The really scary drawback is what happens if the bandit prefers a suboptimal cho...

saon · on May 30, 2012

This seems like a trivial thing to fix by presenting optimal with limited noise. Let's say it picks the optimal choice x% of the time (some really high number), and when additional changes are made or automatically detected, this percentage drops. If you pick the next most optimal down the line through all of your options, and make x proportional to the period of time since the last change, it should make it reasonably resistant to this kind of biasing in the first place, and can ramp back up at a reasonable rate.

Better yet, make x dependent in some way on time since the last change, and relative change in performance of all options from before and after the change.

3pt14159 · on May 30, 2012

I might not be understanding you correctly, but wouldn't the independent improvement also help the random bandit choices? If you are using the forgetting factor this shouldn't be a real issue.
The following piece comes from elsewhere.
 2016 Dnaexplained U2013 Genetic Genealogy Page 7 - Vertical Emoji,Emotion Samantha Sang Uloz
My problem with the bandit method is that I want to show the same test choice to the same person every time he sees the page so you can hide that there is a test. If I do this with the bandit algo then it warps the results because different cohorts have different weightings of the choices and differing cohorts behave very differently for lots of reasons.

btilly · on May 30, 2012

The independent improvement also helps the random bandit choices. The problem is that you are comparing A from a largely new population with Bs that are mostly from an old population. It takes a long time to accumulate enough new Bs to resolve this issue.
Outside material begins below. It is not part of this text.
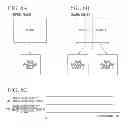 Fig. 07 - Imaging device and imaging method where shake adjusted image is divided into regions for parallel processing
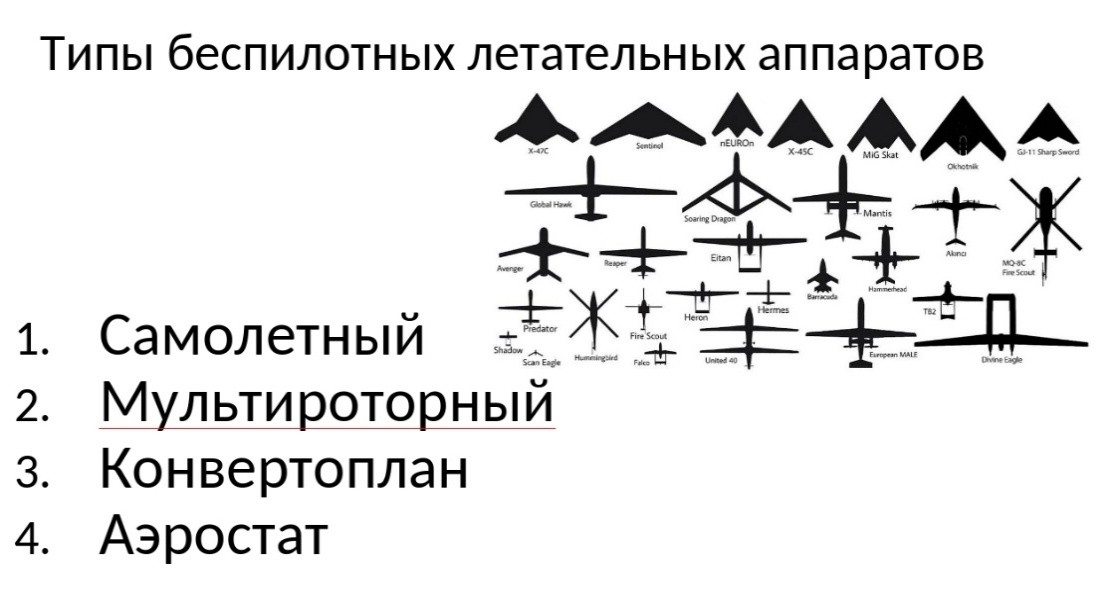 Типы БПЛА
A forgetting factor will help.

This is a variant of the cohort issue that you're talking about.

The cohort issue that you're talking about raises another interesting problem. If you have a population of active users, and you want to test per user, you often will find that your test population ramps up very quickly until most active users are in, and then slows down. The window where most users are assigned is a period where you have poor data (you have not collected for long, users have not necessarily had time to go to final sale).

It seems to me that if you want to use a bandit method in this scenario, you'd be strongly advised to make your fundamental unit the impression, and not the user. But then you can't hide the fact that the test is going on. Whether or not this is acceptable is a business problem, and the answer is not always going to be yes.